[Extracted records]
++++++++++++++++++++

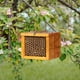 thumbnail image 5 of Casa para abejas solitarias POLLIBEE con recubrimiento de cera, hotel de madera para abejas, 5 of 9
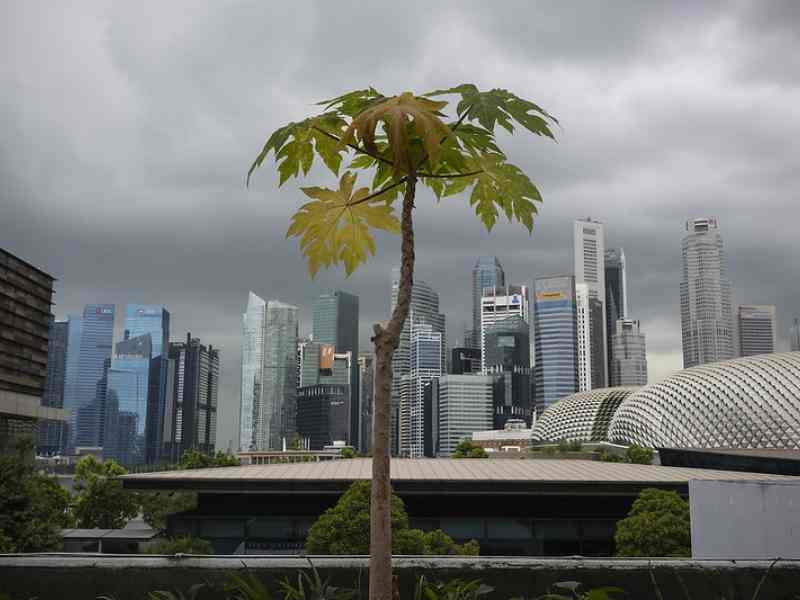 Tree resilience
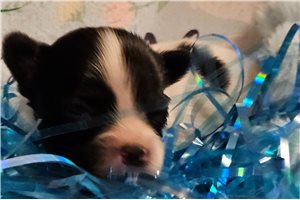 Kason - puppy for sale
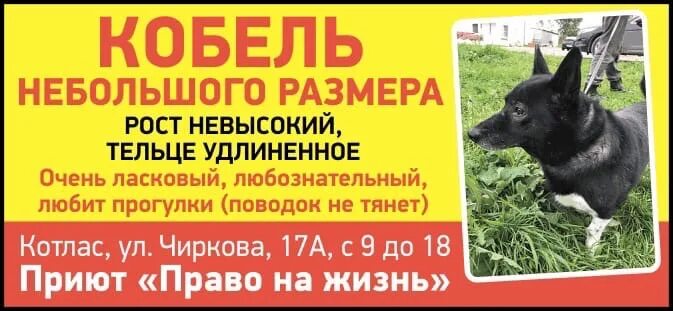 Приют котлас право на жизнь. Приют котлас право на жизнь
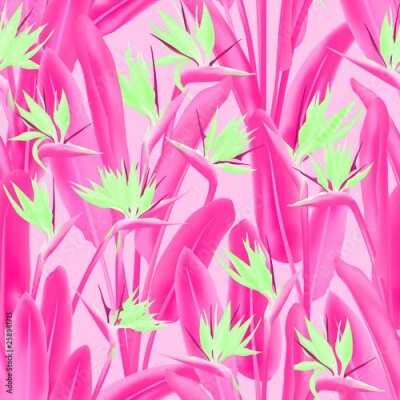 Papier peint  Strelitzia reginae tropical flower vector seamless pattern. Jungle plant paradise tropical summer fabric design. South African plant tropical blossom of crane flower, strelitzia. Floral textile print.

++++++++++++++++++++

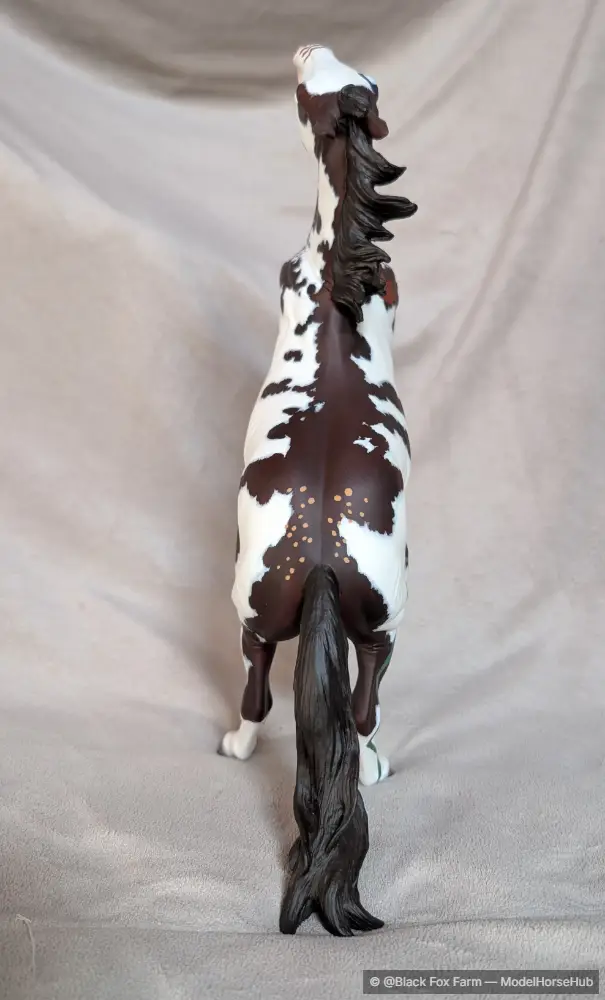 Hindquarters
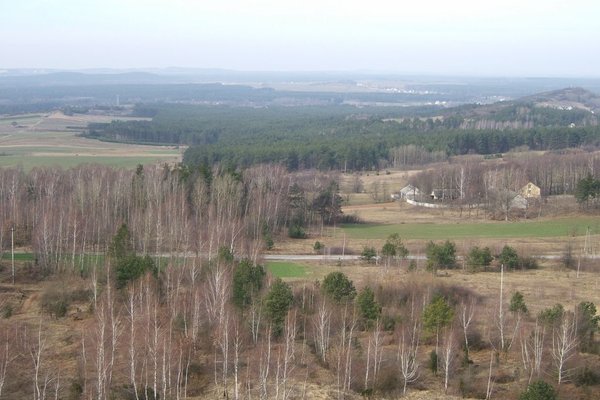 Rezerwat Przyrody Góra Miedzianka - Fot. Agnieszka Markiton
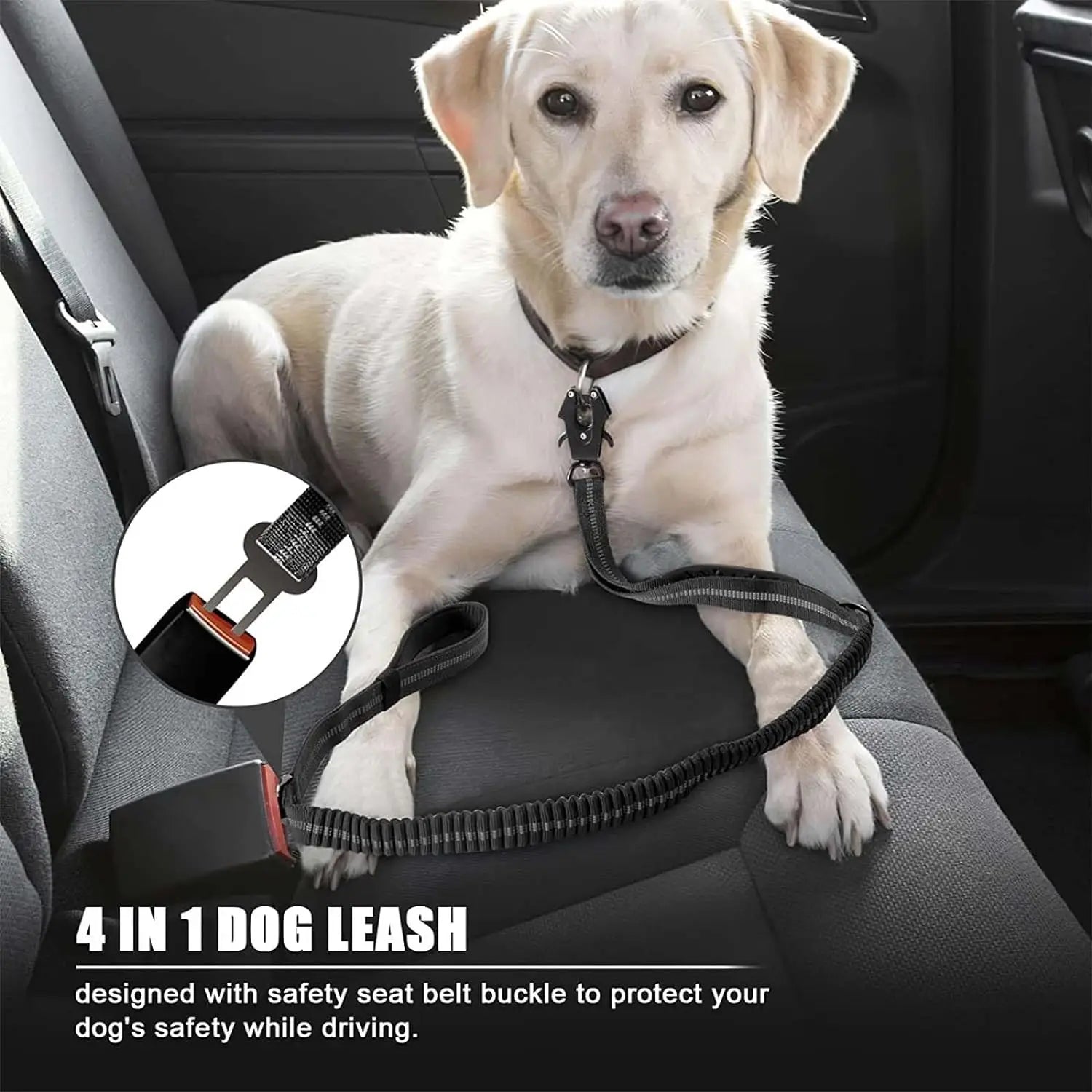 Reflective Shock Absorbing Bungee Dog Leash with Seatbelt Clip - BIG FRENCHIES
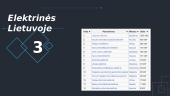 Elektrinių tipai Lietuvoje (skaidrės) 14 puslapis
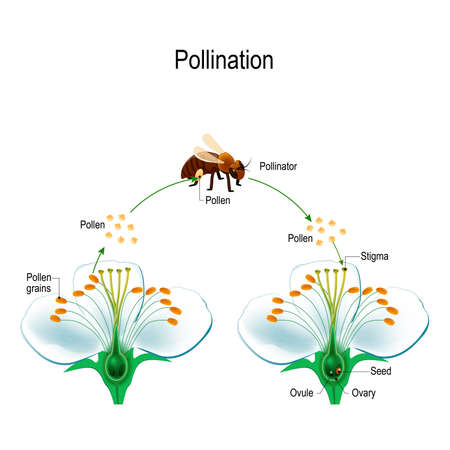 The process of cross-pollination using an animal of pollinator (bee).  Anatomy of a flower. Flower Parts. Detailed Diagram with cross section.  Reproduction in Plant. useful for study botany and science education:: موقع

++++++++++++++++++++

Problem details – What's needed is an exact copy of the lines above from the one with "Kason - puppy for sale" through the one with "Floral textile print.", both included; the pictures stay out.

Response area –
 Kason - puppy for sale
 Приют котлас право на жизнь. Приют котлас право на жизнь
 Papier peint  Strelitzia reginae tropical flower vector seamless pattern. Jungle plant paradise tropical summer fabric design. South African plant tropical blossom of crane flower, strelitzia. Floral textile print.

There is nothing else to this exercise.